Have you ever contemplated your own demise?
Imagine that three years from now your career will be in tatters. You will have no job and your prospects of future employment will seem bleak. Your carefully manicured career path simply won’t materialise.
Now ask yourself: what are the most likely reasons for things going wrong?
And now ask yourself: what could you start doing today to prevent those reasons from happening?
Whether it’s a career plan or an organizational strategy, we tend to feel far more comfortable developing positive, purpose- or mission-driven strategy. It’s what some people call ‘backcasting’: setting a vision and then working back from it to identify the steps you’ll need to take in order to achieve it. It’s our go-to approach to strategy development because it helps us to break down long-term growth planning into practical, incremental activity. During implementation, progress can be measured against plan and corrective action taken. Backcasting is positive. It’s practical. It’s logical. But in the real world, it’s far from a guarantee of success.
Failure is commonplace. Which is why in 2007 research psychologist Gary Klein pioneered the idea of a pre-mortem: imagining that a project has failed and using the thought experiment to identify flaws in your plans. Pre-mortems function the opposite way to backcasting; rather than thinking positively about how to achieve a desired outcome, teams are tasked with identifying potential sources of failure and finding ways to mitigate those sources to make the strategy more resilient. In many respects, pre-mortems are the perfect complement to vision-led strategy planning.
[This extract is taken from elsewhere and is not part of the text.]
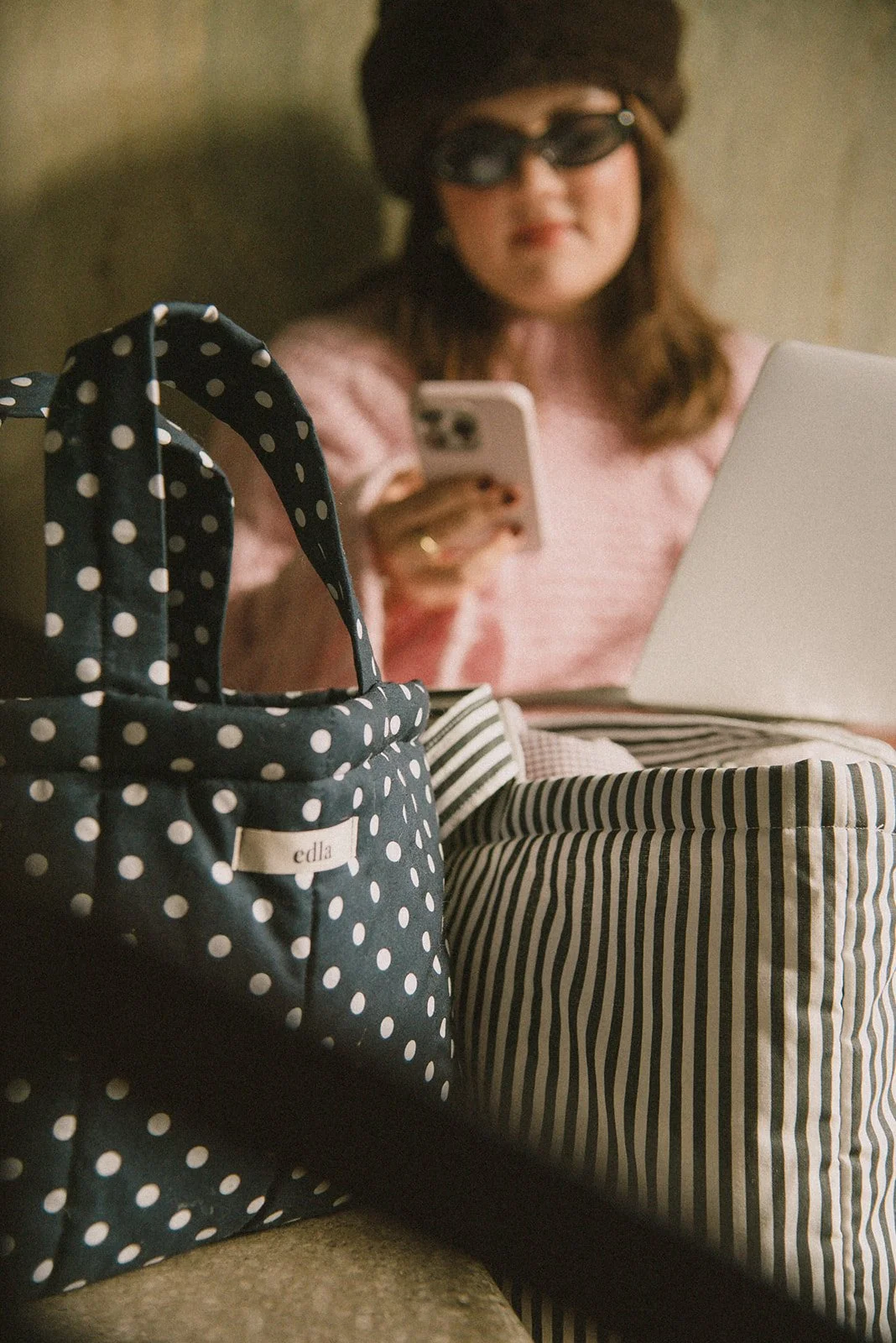 Tuotekuva Edlan kasseista, taustalla yrittäjä kännykkä ja läppäri käsissään.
There’s also a cultural upside to embedding pre-mortems into your (or your team’s) approach to planning: a 2017 study by researchers at Harvard and the University of North Carolina found that people tend to avoid precisely the type of feedback that pre-mortems are designed to elicit. One of the biggest issues with vision-led strategy development is that it encourages us to seek out confirmatory feedback; the moment we establish and communicate a plan, we create a strong incentive to search for evidence that it’s a good plan and that it’s working. Conversely, we tend to avoid disconfirmatory feedback because it fails to confirm our own view of how good a job we’re doing. Pe-mortems have a cultural benefit because they create a safe space for disconfirmatory feedback.
Like many things in life, strategy is rarely perfect the first time round. And even the most carefully conceived plans can go awry. As Mike Tyson famously observed, ‘Everybody has a plan until they get punched in the mouth.’ Whether your plans are personal or organizational, they must eventually confront reality – and reality always wins. Contemplating the worst that could happen to your plans won’t turn you into one of life’s great cynics or pessimists. It will demonstrate to the people you work with that you’re realistic about your human fallibility, that you’re open-minded about outcomes and that you value alternative points of view – particularly when they differ from your own. Introducing pre-mortem thinking won’t just make your strategies and plans more resilient: it will make you more resilient, too.